Mark Strong is back on the small screen as Max Easton in FOX's new, highly addictive espionage thriller Deep State. Forget 007 – he's the 'dirty James Bond', he tells Gemma Dunn.

Mark Strong as aging spy Max Easton in Deep State

TELL US A BIT ABOUT DEEP STATE AND YOUR CHARACTER, MAX EASTON.

The premise of it is a man who is trying to marry a very dark and dirty, private, work life with his family life. It's asking you the question, 'Is this man morally sound or not?'. And in that vein, it's really the marriage of a conspiracy thriller and a family drama.

WHAT KIND OF SPY IS HE?

He's an old one. He used to be very successful, one of the best as they say, but he's retired. He retired 10 years ago and has a new family. He's out of the game. Things happen to bring him back into it, [but] the morality, the ethics and the day-to-day drudgery, and also violence, that he's involved with suddenly comes from a more mature man's perspective, rather than a young guy who's just gung-ho. He's the dirty James Bond. James Bond has all the lines, the gadgets and the suave look. Max is much more in the dirt and dust and having to cope.

DID YOU HAVE TO DO ANY EXTRA WEAPONS TRAINING?

Weirdly, I can strip and re-build a sniper's rifle with my eyes closed. Which is a real talent. I can also now ride horses, from learning on the job. But there's no preparation for how you play a spy. And what's great about this is the family drama is as important as the conspiracy-thriller element. So I basically had to imagine myself in that position, that's the only way to play it really. What would I do faced with those choices?

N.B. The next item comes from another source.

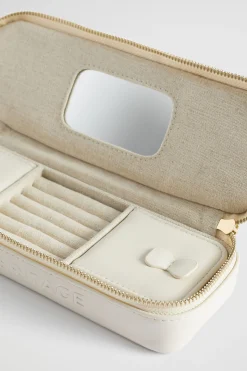 Woman Seed Heritage Clutches & Pouches-Make Up Travel Bag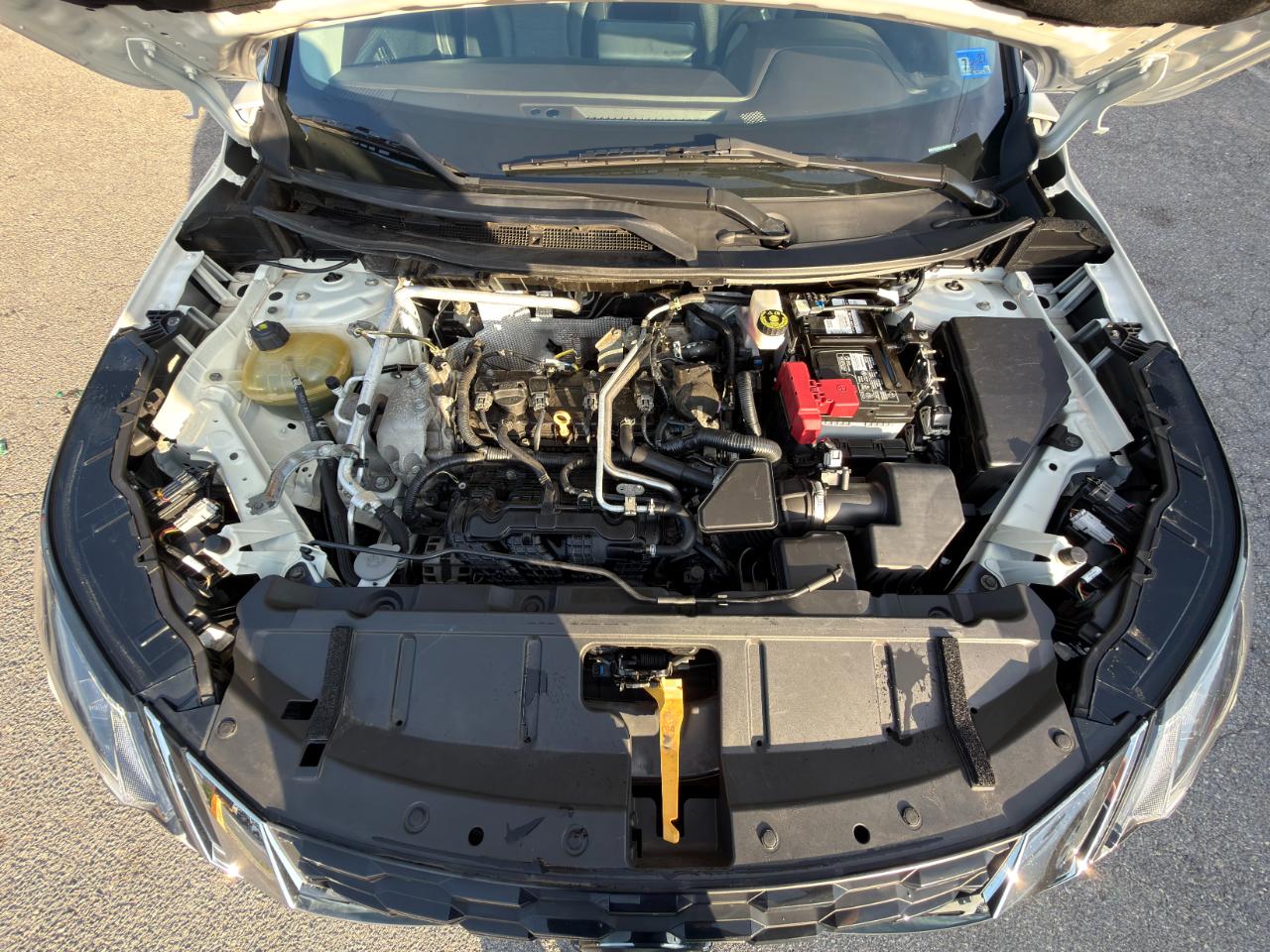 Nissan Rogue AWD SV 2021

WHAT ABOUT THE FAMILY ELEMENT?

Max obviously loves his current wife and children, but he abandoned his previous wife and child and has done some terrible things in his line of work. I think what you come to realise very quickly is that as a younger man the life that he was trying to lead, as a spy with a wife and child, was very complicated and very difficult and he couldn't sustain it.

DO YOU FIND IT EASY TO SWITCH OFF AFTER AN INTENSE DAY OF FILMING?

It's tricky. You have to get yourself up for scenes which are particularly harrowing and I suppose I've developed a technique to be able to shed that, almost immediately. I remember in A View From The Bridge I was doing very intense scenes eight times a week and I couldn't understand why I was so depressed. It does affect you. In fact I remember, a couple of times, being on stage in a moment of high emotion and I actually burst into tears. I started crying. I fooled my body into thinking I was that sad and then of course what happens is I couldn't speak.

THIS IS YOUR FIRST TV SHOW IN A WHILE. WHAT BROUGHT YOU BACK TO THE SMALL SCREEN?

I love making movies, movies are great. But the movies that seem to be in the cinema at the moment are the big spectacle movies, the superhero movies. I've just done a couple of Kingsmans and I'm doing a movie at the moment called Shazam!. They're incredibly technical experiences where you're not even just making pieces of the jigsaw - you're making pieces of the pieces of the jigsaw. It's absolutely tiny stuff, there's no real scenes to be played, not in a movie of that type. So to go back and do character development over eight hours was heaven sent.

:: Deep State is showing on FOX on Thursday nights.